His father died when James was a first-year high school student. Left to care for his mother and seven siblings, James took responsibility at a young age. To provide for the family, he worked on weekends at construction sites while still in high school. Going to school was tough. He had to walk two kilometers to get to school every day. As every peso counts, James had to make do with charity from classmates and find ways to live on what he had. “Sometimes, all I’d have was a peso for food, so I’d buy chips and eat them with rice,” he said, in Filipino. Through it all, he always put his family’s needs above his own.

James may appear to be brave and strong but there were times when he resigned to his family’s fate, to play the hand they were dealt with.
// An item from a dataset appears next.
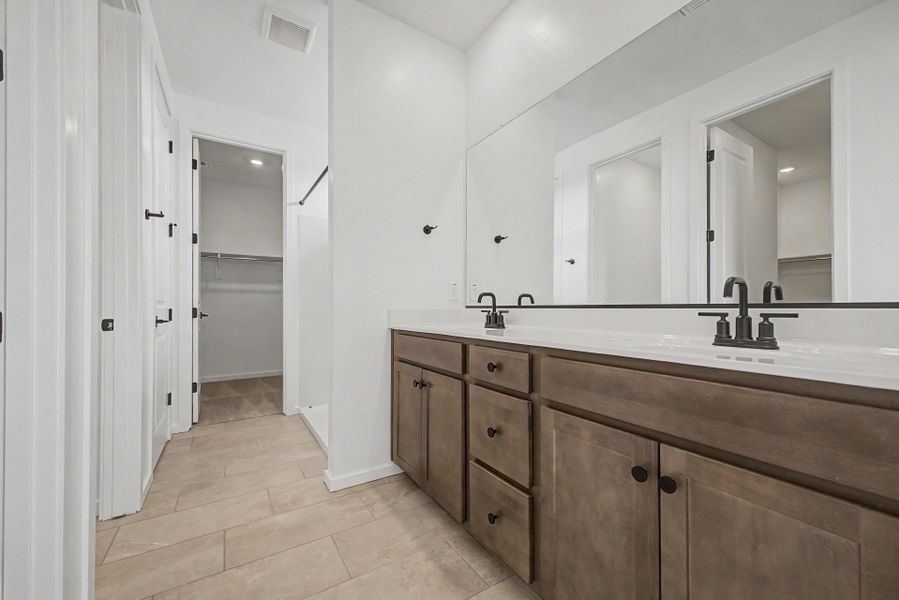 Furnished interior view inside a new home in Mason Ranch II, Surprise (Image 5).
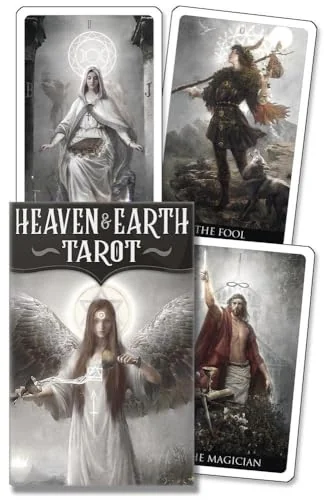 Heaven & Earth Tarot Mini Sephiroth, Jack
He accepted that his education would end with high school. He had the chance to apply for a sports scholarship for table tennis at a small college in Manila, but having no money to spare, his mother dissuaded him. The scholarship did not cover the other miscellaneous school fees.

Finally, a glimmer of hope. An aunt who lived near the Universal Robina Corporation plant in Dasmariñas, Cavite, asked him if he wanted to apply for the Gokongwei Brothers Foundation’s Iskolar ni Juan program, a scholarship that would not only pay for his technical education but would also cover miscellaneous fees, housing, and expenses.

James knew this was an opportunity he cannot pass up. Wasting no time, he submitted the requirements.

“I didn’t think about whether I would pass or not; I just needed to know that I’d tried,” he said.

The happiest day of his life came when he found out the school accepted his application. A door that had seemed closed had opened.

As a GBF Iskolar ni Juan, James studied technical and theoretical subjects. In the Mechatronics curriculum—electricals, pneumatics, programming, hydraulics—he learned necessary skills to operate machinery. Even more important, he learned values through the program. “The best thing about the Iskolar ni Juan program is that it’s taught me how to be a better person,” he said. “I learned the importance of discipline and how to get along with people,” he added.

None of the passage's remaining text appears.